Two by Two: Learning Multi-Task Pairwise Objects Assembly for Generalizable Robot Manipulation
This addresses the challenge of generalizable robot manipulation for daily pairwise object assembly, which is incremental as it builds on existing shape assembly methods with a new dataset and method.
The paper tackles the problem of 3D assembly tasks for everyday objects by introducing the 2BY2 dataset with 1,034 instances across 18 tasks, and proposes a two-step SE(3) pose estimation method that achieves state-of-the-art performance on all tasks.
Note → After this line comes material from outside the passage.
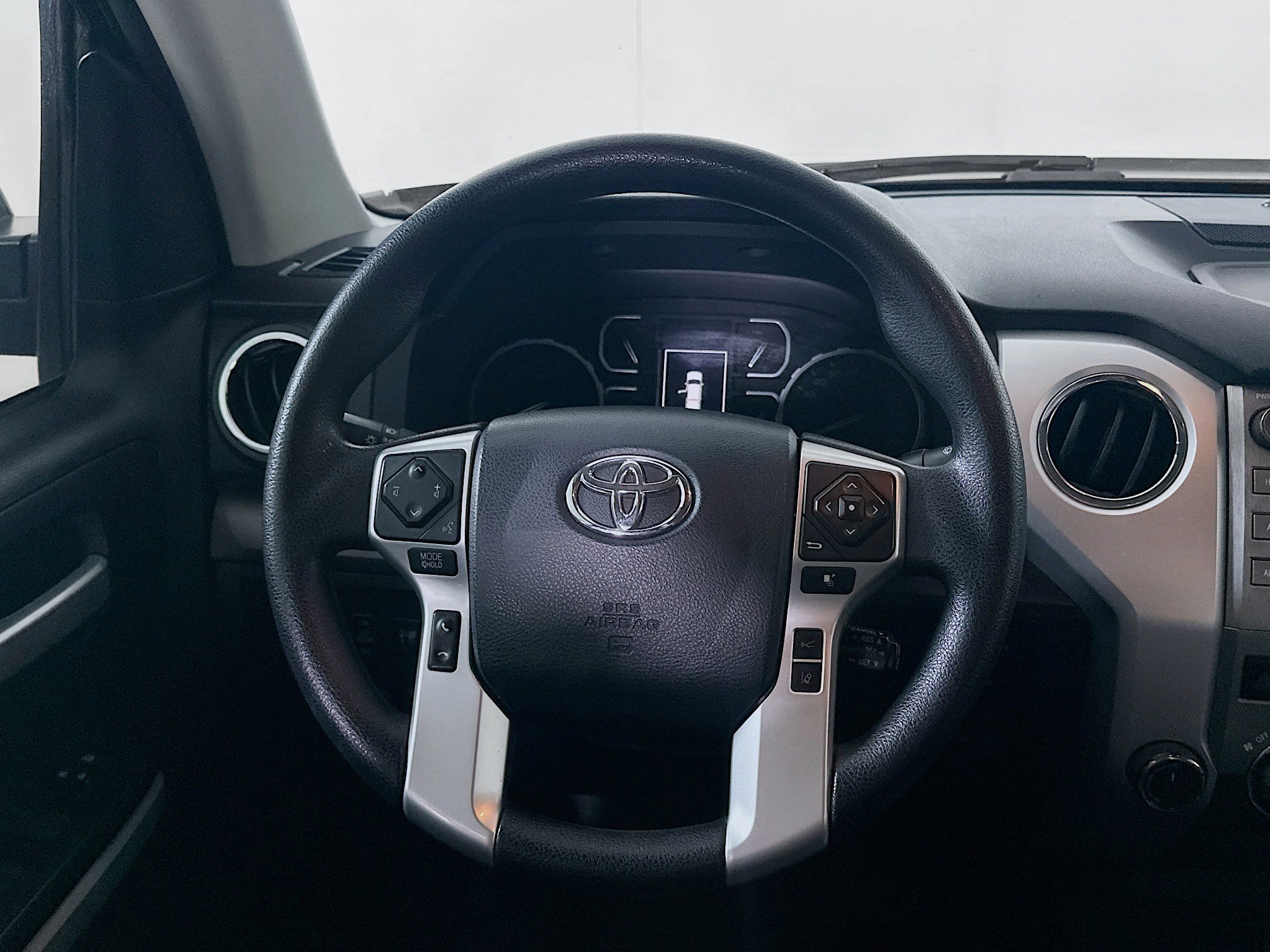 Used 2018 Toyota Tundra SR5 w/ SR5 Upgrade Package image 17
3D assembly tasks, such as furniture assembly and component fitting, play a crucial role in daily life and represent essential capabilities for future home robots. Existing benchmarks and datasets predominantly focus on assembling geometric fragments or factory parts, which fall short in addressing the complexities of everyday object interactions and assemblies. To bridge this gap, we present 2BY2, a large-scale annotated dataset for daily pairwise objects assembly, covering 18 fine-grained tasks that reflect real-life scenarios, such as plugging into sockets, arranging flowers in vases, and inserting bread into toasters. 2BY2 dataset includes 1,034 instances and 517 pairwise objects with pose and symmetry annotations, requiring approaches that align geometric shapes while accounting for functional and spatial relationships between objects. Leveraging the 2BY2 dataset, we propose a two-step SE(3) pose estimation method with equivariant features for assembly constraints. Compared to previous shape assembly methods, our approach achieves state-of-the-art performance across all 18 tasks in the 2BY2 dataset. Additionally, robot experiments further validate the reliability and generalization ability of our method for complex 3D assembly tasks.